The compiler certainly can identify that an array or other data
is shared, to use UPC's terminology.  From there, the target code
would need to perform some magic to figure out where the address
actually pointed to.

Certainly, an ABI informs the interpretation of the debugging info. Do you have specific ideas yet on how to convey this information?

A hook (specified in gdb_arch) would specify a target routine to do the translation. When GDB sees a shared pointer, it will call this target-dependent translation routine.

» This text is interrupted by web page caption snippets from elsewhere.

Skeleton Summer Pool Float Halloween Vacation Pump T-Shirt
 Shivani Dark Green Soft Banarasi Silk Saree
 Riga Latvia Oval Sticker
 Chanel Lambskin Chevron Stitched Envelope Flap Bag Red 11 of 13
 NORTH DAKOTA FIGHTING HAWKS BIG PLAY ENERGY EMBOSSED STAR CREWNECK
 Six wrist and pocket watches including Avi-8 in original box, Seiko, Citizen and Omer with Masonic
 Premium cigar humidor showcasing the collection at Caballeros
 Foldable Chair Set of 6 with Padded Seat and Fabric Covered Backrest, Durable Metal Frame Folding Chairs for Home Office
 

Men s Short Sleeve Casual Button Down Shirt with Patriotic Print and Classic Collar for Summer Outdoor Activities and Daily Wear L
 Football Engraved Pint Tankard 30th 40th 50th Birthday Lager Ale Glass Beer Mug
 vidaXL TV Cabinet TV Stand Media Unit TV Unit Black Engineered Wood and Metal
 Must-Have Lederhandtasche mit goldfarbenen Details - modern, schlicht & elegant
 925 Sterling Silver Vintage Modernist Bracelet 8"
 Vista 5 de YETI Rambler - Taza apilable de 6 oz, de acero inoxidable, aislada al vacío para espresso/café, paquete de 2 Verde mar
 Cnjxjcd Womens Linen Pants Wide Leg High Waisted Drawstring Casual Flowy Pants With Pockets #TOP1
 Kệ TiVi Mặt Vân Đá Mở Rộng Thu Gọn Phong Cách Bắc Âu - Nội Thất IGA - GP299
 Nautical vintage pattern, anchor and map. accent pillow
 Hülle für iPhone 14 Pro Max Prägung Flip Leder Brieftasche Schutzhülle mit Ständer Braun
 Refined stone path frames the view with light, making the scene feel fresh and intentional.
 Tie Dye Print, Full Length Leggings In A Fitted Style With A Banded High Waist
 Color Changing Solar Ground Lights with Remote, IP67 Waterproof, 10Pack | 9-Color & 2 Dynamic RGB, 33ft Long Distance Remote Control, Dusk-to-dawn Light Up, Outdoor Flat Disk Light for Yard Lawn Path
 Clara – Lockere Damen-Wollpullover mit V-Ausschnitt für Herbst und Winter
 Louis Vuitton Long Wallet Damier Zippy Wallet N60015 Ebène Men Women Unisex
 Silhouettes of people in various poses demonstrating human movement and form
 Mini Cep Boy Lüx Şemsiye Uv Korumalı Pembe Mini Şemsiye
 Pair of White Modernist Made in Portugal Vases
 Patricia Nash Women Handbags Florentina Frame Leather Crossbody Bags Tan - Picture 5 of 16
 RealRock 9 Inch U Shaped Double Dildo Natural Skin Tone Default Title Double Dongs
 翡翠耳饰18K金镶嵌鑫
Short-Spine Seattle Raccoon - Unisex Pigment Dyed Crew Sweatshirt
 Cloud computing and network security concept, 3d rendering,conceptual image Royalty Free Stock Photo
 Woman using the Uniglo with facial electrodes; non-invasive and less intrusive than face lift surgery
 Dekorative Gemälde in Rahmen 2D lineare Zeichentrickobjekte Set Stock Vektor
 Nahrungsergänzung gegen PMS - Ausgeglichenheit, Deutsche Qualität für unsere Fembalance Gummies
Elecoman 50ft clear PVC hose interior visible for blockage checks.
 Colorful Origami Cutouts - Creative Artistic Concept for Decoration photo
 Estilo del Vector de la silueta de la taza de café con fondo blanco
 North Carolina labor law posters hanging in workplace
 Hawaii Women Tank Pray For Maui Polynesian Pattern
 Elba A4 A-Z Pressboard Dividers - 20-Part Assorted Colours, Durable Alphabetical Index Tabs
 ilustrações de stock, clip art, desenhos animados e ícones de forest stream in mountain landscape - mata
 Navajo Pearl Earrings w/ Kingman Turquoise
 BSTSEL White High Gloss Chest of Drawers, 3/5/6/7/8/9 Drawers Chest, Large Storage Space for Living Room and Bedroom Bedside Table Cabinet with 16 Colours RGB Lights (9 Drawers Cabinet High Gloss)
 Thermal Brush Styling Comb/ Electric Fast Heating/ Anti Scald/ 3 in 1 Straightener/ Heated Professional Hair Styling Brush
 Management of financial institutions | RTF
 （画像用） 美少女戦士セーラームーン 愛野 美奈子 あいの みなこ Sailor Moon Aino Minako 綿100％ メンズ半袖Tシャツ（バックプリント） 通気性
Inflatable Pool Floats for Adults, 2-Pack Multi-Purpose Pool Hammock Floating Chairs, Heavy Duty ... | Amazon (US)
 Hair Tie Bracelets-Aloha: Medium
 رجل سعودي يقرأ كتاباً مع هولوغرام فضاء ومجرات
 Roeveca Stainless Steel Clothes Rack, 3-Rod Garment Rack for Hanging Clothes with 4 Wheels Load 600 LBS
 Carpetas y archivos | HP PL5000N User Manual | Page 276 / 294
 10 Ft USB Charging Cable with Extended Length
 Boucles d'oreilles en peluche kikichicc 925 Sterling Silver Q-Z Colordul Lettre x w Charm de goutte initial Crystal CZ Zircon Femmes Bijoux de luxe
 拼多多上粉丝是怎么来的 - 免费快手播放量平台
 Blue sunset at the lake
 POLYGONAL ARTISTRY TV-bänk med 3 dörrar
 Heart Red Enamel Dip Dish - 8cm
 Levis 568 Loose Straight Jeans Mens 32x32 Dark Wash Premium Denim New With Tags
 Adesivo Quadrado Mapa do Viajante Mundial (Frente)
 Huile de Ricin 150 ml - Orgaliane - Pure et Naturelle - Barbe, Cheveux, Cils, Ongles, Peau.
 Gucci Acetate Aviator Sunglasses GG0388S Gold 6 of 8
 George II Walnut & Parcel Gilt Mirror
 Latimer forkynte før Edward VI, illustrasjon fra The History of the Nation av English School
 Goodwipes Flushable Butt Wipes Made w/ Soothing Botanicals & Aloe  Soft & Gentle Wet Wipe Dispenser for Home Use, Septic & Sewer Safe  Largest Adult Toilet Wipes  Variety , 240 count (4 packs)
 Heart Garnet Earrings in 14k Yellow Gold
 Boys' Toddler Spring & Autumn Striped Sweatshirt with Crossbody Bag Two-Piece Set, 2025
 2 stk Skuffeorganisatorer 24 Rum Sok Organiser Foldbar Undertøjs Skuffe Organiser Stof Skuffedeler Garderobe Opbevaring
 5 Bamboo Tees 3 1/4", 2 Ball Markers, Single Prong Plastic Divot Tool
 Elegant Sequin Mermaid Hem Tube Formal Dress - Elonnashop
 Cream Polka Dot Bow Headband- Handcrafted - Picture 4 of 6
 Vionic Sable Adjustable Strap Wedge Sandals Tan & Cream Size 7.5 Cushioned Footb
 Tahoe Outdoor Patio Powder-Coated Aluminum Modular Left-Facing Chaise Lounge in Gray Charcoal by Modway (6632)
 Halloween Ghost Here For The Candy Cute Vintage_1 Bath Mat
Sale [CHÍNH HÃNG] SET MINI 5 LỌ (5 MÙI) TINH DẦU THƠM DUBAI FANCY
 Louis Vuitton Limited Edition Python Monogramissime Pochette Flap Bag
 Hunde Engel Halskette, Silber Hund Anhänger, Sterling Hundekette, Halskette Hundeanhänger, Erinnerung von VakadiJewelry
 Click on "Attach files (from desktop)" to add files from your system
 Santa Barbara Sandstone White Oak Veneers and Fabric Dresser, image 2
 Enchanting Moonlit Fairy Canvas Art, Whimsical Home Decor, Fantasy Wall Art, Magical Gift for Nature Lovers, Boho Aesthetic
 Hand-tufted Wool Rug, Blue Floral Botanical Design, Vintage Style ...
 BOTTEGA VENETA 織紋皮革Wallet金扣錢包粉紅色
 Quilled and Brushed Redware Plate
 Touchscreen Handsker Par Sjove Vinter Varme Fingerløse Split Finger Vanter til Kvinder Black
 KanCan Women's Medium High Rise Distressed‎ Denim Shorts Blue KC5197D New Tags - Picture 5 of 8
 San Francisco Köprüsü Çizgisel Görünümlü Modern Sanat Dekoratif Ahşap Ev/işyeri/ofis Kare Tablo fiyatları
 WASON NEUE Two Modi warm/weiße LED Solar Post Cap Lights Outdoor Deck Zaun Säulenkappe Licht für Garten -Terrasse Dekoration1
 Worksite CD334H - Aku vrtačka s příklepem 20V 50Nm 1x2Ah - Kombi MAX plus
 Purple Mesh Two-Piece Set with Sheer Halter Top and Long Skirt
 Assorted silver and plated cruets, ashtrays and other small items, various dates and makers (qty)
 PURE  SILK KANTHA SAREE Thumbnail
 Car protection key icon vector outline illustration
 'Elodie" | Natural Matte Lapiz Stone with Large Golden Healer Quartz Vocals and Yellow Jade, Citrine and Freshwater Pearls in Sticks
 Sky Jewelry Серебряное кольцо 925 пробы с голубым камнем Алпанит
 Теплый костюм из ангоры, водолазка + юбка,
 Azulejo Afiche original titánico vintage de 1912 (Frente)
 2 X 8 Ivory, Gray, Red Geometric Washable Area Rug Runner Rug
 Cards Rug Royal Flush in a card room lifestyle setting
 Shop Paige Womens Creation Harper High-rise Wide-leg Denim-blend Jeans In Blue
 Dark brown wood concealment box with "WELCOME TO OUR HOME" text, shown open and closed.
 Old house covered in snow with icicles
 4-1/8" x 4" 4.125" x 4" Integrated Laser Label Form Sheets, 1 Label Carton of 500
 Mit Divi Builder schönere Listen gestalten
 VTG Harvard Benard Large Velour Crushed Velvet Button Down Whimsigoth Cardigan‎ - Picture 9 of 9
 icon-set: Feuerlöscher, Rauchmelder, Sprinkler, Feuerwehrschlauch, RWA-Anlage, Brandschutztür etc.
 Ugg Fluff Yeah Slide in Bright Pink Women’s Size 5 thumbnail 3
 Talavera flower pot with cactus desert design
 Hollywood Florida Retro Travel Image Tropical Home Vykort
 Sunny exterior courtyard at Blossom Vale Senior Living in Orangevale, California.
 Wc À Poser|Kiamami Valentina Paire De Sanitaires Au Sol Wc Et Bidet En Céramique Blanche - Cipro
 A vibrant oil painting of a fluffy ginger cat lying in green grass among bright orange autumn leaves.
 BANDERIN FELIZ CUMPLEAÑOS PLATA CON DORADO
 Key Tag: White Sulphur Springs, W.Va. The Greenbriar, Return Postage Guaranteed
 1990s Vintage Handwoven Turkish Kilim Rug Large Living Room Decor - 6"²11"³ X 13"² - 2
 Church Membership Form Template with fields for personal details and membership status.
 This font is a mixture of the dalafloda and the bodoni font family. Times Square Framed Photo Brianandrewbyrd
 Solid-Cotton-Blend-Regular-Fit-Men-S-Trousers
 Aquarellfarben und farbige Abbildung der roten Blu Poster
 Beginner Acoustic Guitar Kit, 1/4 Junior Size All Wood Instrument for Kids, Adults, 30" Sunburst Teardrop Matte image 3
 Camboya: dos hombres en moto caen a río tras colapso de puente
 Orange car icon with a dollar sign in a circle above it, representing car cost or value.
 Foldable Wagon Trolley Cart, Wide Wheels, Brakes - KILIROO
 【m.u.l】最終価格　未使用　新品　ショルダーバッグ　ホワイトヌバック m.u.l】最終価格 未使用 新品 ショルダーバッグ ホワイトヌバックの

What isn't clear to me is where to call the hook.  Suggestions
about where to look would be welcome.

There are other places where an address is incremented, such as
in displaying memory contents.  I doubt that the code knows
what what it is displaying, only to display n words starting at
x address in z format.  This would probably result in incorrect
results if the data spanned from one processor/thread to another.
(At least at a first approximation, this may well be an acceptable

Certainly code for printing distributed objects will need to understand how to traverse them properly; I see this as parallel to the indexing/pointer arithmetic requirements. Hopefully we can design one interface that serves both purposes nicely.

Perhaps. I haven't looked in this code for a long time, but my impression is that knowledge about what is being printed gets discarded pretty early, leaving only a pointer, a count, and a format.

Symtab code would need a hook which converted the ELF
<section,offset> into a <processor,thread,offset> for shared
objects.  Again, that would require target-dependent magic.

Hmm. GDB's internal representation for debugging information stores actual addresses, not <section, offset> pairs. After reading the information, we call objfile_relocate to turn the values read from the debugging information into real addresses. It seems to me that that code should be doing this job already.

Perhaps. I'll look at that. How does this work for TLS now?

How does code get loaded in your system?  Does a single module get
loaded multiple times?

On a system which has shared memory (not UPC 'shared' but memory which is accessed by all processors/threads) the code image is simply loaded. Data areas are duplicated for thread-specific data, similar to TLS. On multi-processors systems which have independent memories, a target agent loads the processors with the executable.

In GDB, each objfile represents a specific loading of a library or
executable.  The information is riddled with real addresses.  If a
single file is loaded N times, you'll need N objfiles, and the
debugging information will be duplicated.

Likely not a real problem. The code image is linear and addresses don't need to be translated. Addresses in the code are relative to either global data or thread-specific data. They aren't NUMA addresses.

In the long run, I think GDB should change to represent debugging
information in a loading-independent way, so that multiple instances
of the same library can share the same data.  In a sense, you'd have a
big structure that just holds data parsed from the file, and then a
bunch of little structures saying, "I'm an instance of THAT, loaded at
THIS address."

This would enable multi-process debugging, and might also allow us to
avoid re-reading debugging info for shared libraries every time they
get loaded.

This would address my comment above, that GDB converts from a symbolic form to an address too early.

One problem may be that it may not be clear whether one has a
pointer to a linear code space or to a distributed NUMA data space.
It might be reasonable to model the linear code space as a 64-bit
CORE_ADDR, with the top half zero, while a NUMA address has non-zero
values in the top half.  (I don't know if there might be alias
problems, where zero might be valid for the top half of a NUMA address.)

I think this isn't going to be a problem, but it's hard to tell. Can you think of a specific case where we wouldn't be able to tell which we have?

Only if the <processor,thread> component of a NUMA address can be zero, and looks like a linear address.

I'd be very happy figuring out where to put a hook which allowed me
to translate a NUMA CORE_ADDR into a physical address, setting the
thread appropriately.  A bit of a kludge, but probably workable.

CORE_ADDR should be capable of addressing all memory on the system. I think you'll make a lot of trouble for yourself if you don't follow that rule.

The NUMA address has to be translated into a physical address somewhere. Perhaps lower in the access routines is better.